__WHAT TO DO__.
In your copy of the data, include no pictures and alter nothing else.
[EXTRACTED MATERIAL — start]
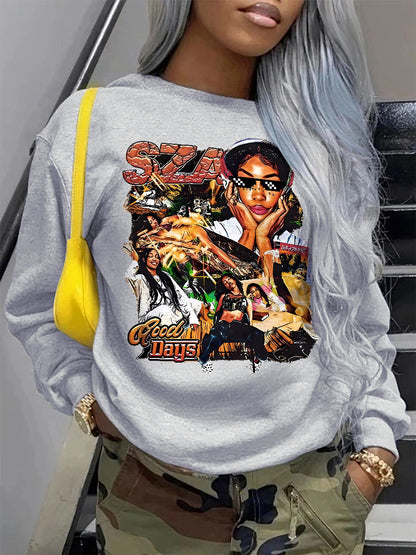 Vintage Inspired Sweater with a Contemporary Edge
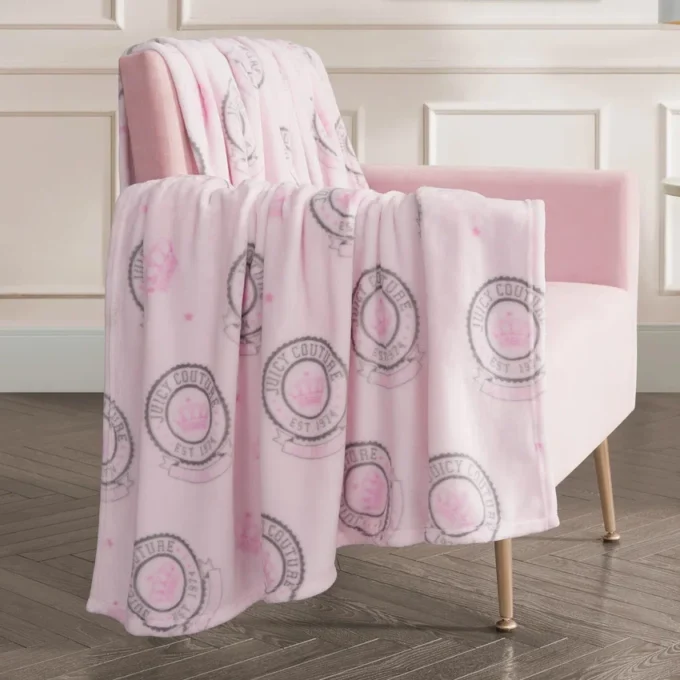 Plush Throw Blanket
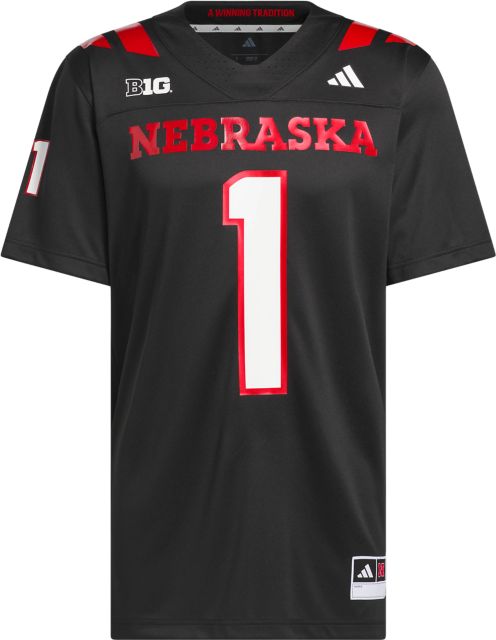 University of Nebraska - Lincoln Football Premier Strategy Replica Jersey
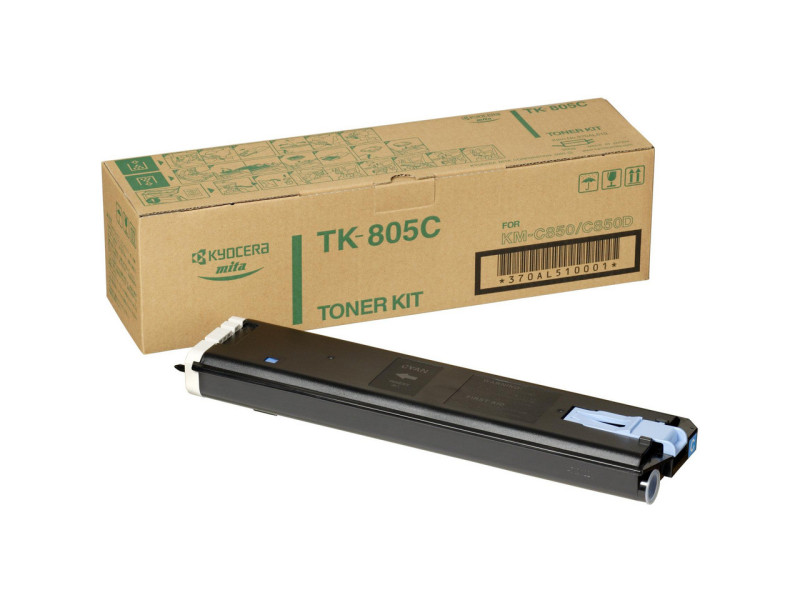 Toner Laser KYOCERA Cyan TK-805C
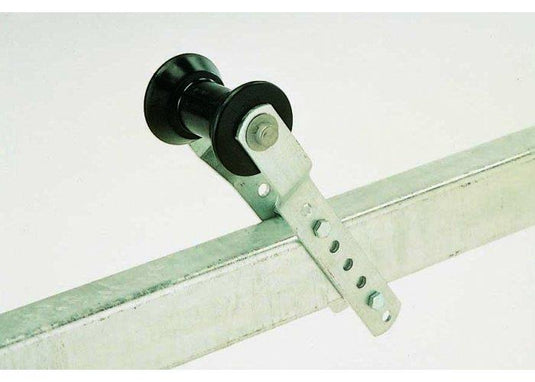C.E. Smith 32005G Adjustable Tongue Keel Roller Bracket - 2in. Tounge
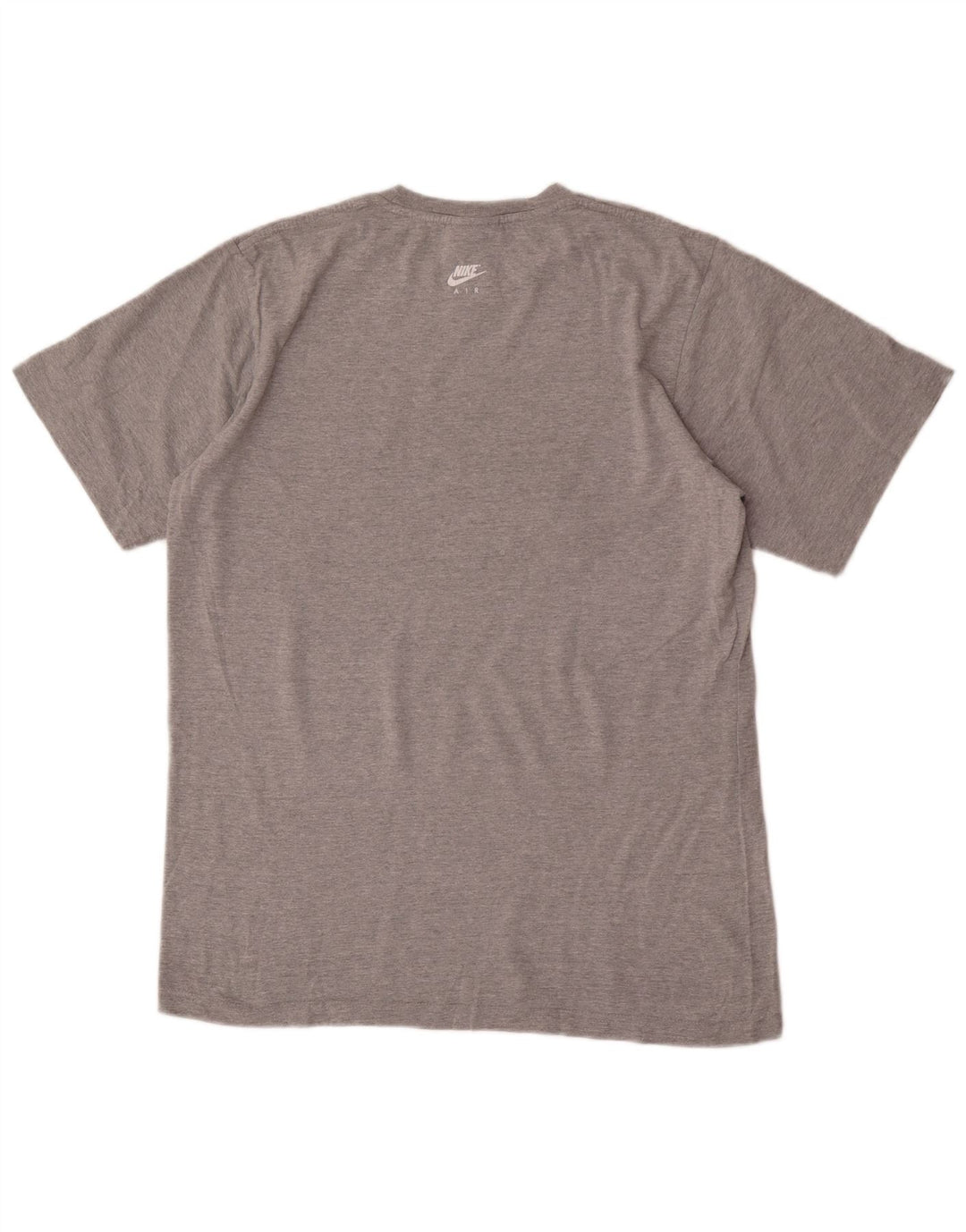 Nike Camiseta gráfica para hombre Top UK 39/41 Algodón gris medio
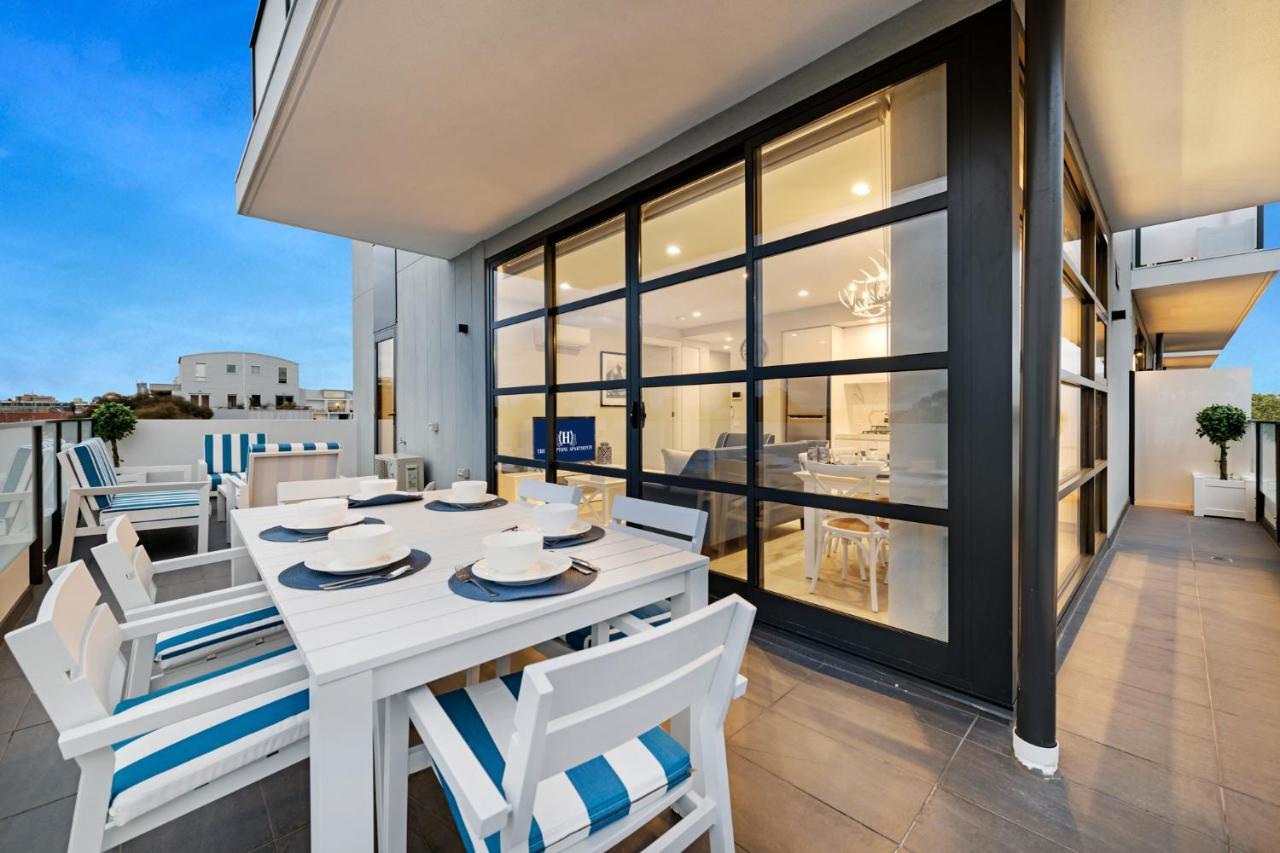 The Hamptons Apartments - St Kilda เมลเบิร์น ภายนอก รูปภาพ
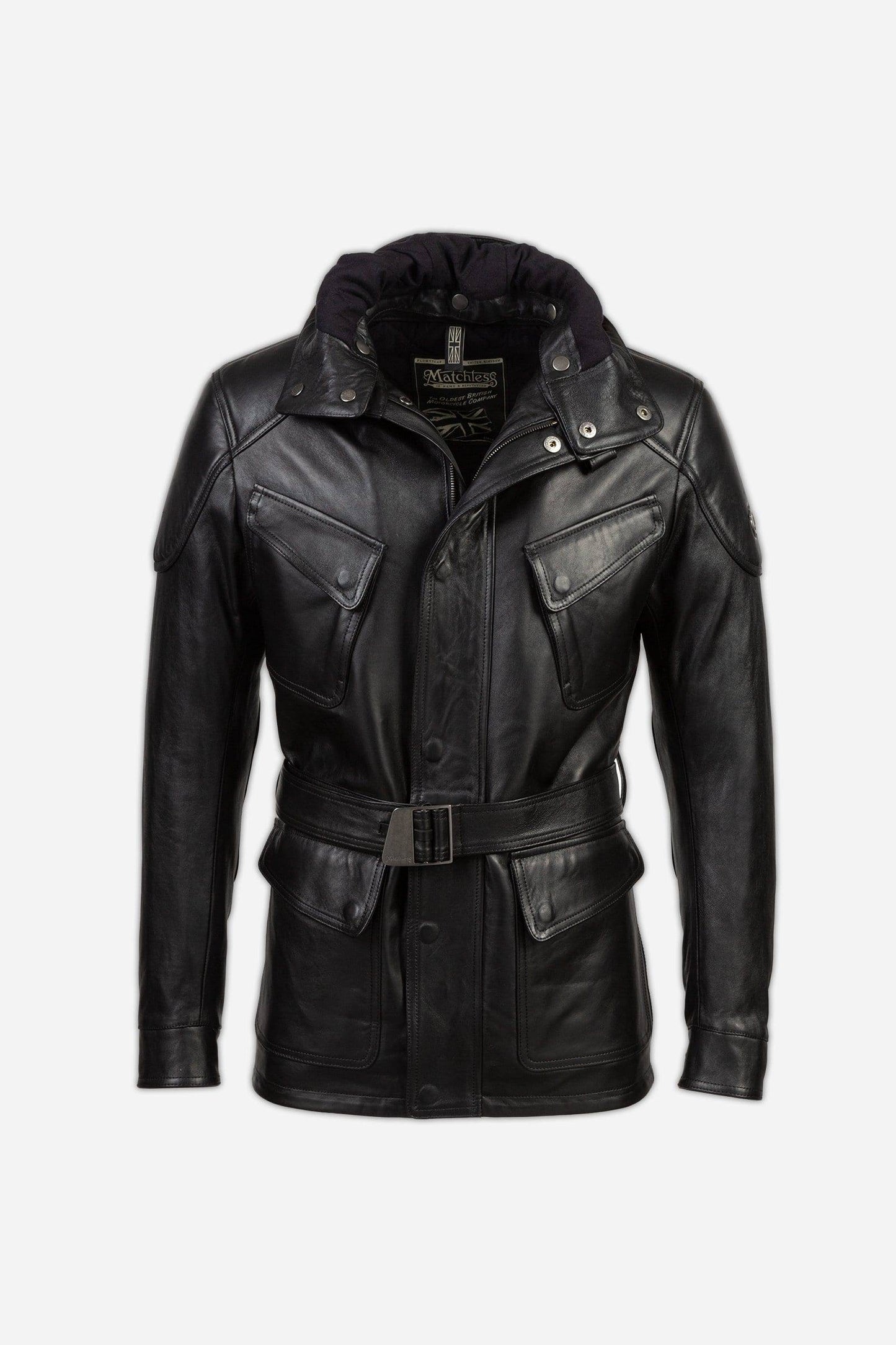 STREETFARER LEATHER JACKET W/HOOD MAN - Matchless London | The Innovator since 1899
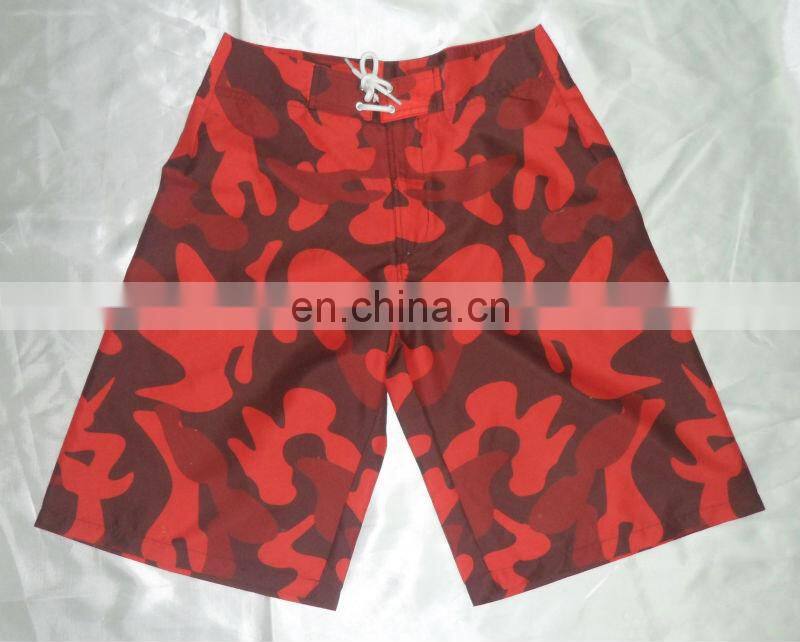 wonderful custom sublimation printed mens cheap cargo shorts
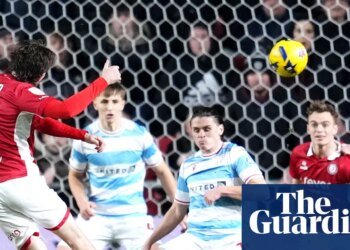 Championship roundup: late Bristol City strike thwarts Wrexham | Championship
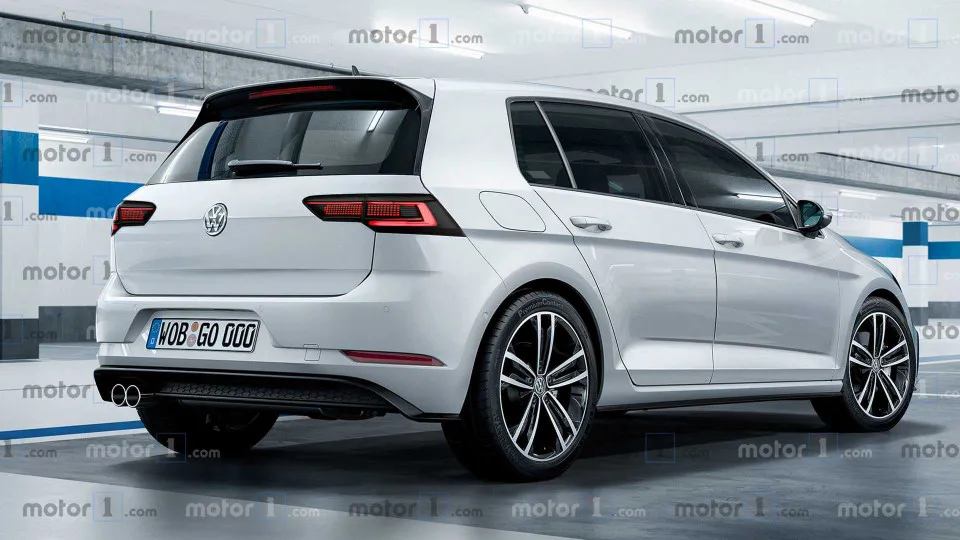 O novo Volkswagen Golf está a chegar e poderá ter este visual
[EXTRACTED MATERIAL — finish]
__ANSWER TO THE EXERCISE__.
 Vintage Inspired Sweater with a Contemporary Edge
 Plush Throw Blanket
 University of Nebraska - Lincoln Football Premier Strategy Replica Jersey
 Toner Laser KYOCERA Cyan TK-805C
C.E. Smith 32005G Adjustable Tongue Keel Roller Bracket - 2in. Tounge
 Nike Camiseta gráfica para hombre Top UK 39/41 Algodón gris medio
 The Hamptons Apartments - St Kilda เมลเบิร์น ภายนอก รูปภาพ
 STREETFARER LEATHER JACKET W/HOOD MAN - Matchless London | The Innovator since 1899
 wonderful custom sublimation printed mens cheap cargo shorts
 Championship roundup: late Bristol City strike thwarts Wrexham | Championship
 O novo Volkswagen Golf está a chegar e poderá ter este visual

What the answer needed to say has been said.